Das Buch setzt ein mit Überlegungen Martin Sabrows zum "Mythos 1989", wobei er Mythos als kulturwissenschaftliche Kategorie begreift. So sieht er die mythische Qualität der Revolution "in ihrer Harmonisierungskraft, die Unterschiede zwischen zeitgenössischen Zielvorstellungen und historischen Ereignissen einzuebnen vermochte" (15). Er hebt ab auf die unter den Bürgerrechtlern weitverbreitete Vision eines "Dritten Weges", die allerdings angesichts des Ergebnisses der Volkskammerwahlen von 1990 keine Realisierungschance mehr hatte. Seiner Meinung nach handelt es sich daher bei der Annahme, dass die friedliche Revolution lediglich Auftakt zur Wiedervereinigung gewesen sei, um einen Mythos. Das lässt allerdings außer Acht, dass friedliche Revolution, Mauerfall und Wiedervereinigung in einem engen kausalen Zusammenhang standen. Mythenbildung betreibe auch der Rechtspopulismus mit seinem Gerede von einer gegenwärtig nötigen "Revolution 2.0". Dass dies eine hanebüchene Vereinnahmung der friedlichen Revolution darstellt, trifft zweifellos zu. Doch begann Pegida wirklich "im Herbst 1989" (30)? Die nationalen Willensbekundungen von 1989/90 sollten nicht vorschnell als Ausdruck von Nationalismus bewertet werden.

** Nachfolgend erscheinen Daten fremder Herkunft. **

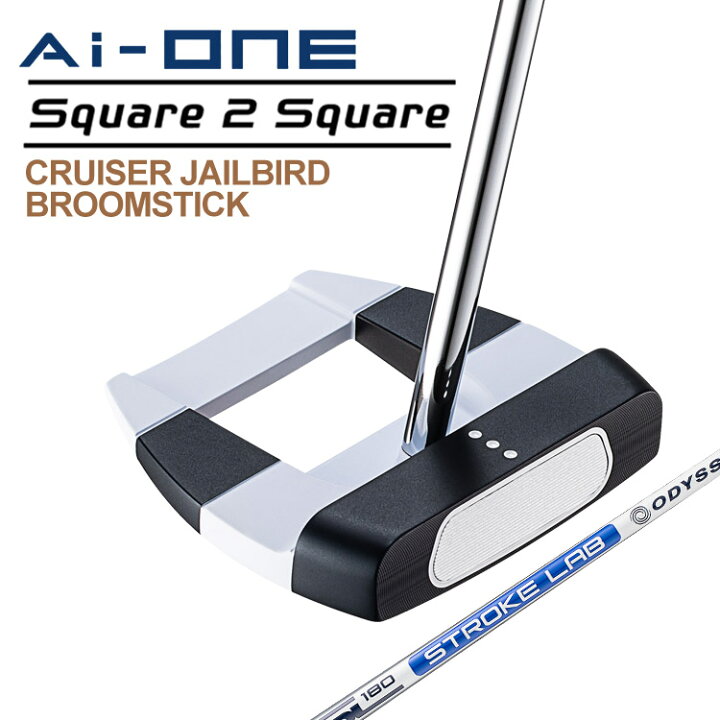 楽天市場】【値下げ】オデッセイ Ai-ONE Square 2 Square CRUISER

Jan Behrends nimmt für die Sowjetunion eine klare Relativierung der Bedeutung des Jahres 1989 vor, und das nicht nur, weil diese erst 1991 unterging. Wenngleich Gorbatschow den Wandel angestoßen habe, sei er mit seinen Ideen nie mehrheitsfähig gewesen. Im Anschluss an den russischen Soziologen Juri Newada sind für Behrends langfristige Trends weitaus wichtiger. So konservierte Furcht die Strukturen des sowjetischen Systems; außerdem war "Loyalität zur Macht und ihren Vertretern und nicht Vertrauen [...] der Kitt der sowjetischen Gesellschaft" (50). In Südosteuropa gab es laut Jochen Töpfer Palastrevolten und, anders als in Mittelosteuropa, keine Bürgerrevolutionen. Den Eliten kam daher in den Nachfolgestaaten Jugoslawiens eine herausragende Rolle zu. Außer in Slowenien vermochten es die politischen Eliten dort jedoch nicht, "eine nachhaltige und perspektivenorientierte Gesellschaftsordnung zu etablieren" (76). Dieter Segert, der dem Populismus in Mittelosteuropa nachgeht, sieht vier Ursachen für die dortige Fremdenfeindlichkeit: die nationale Karte, die von den Regimen in ihrer Spätzeit gespielt wurde, die Suche nach einer neuen Identität nach 1989, die Verunsicherungen aufgrund der radikalen Transformation von Wirtschaft und Gesellschaft sowie die Diskreditierung der politischen Parteien während der Transformation. Im weiteren Verlauf geht er auf Revolutionsgewinner und -verlierer sowie auf die Ängste vor umfangreichen Veränderungen infolge der Migrationskrise ein. Mit diesem differenzierten Bild kann man seine These, dass vor allem der neoliberale, globalisierte Kapitalismus für die Untergrabung der Demokratie verantwortlich sei, nicht so recht in Einklang bringen.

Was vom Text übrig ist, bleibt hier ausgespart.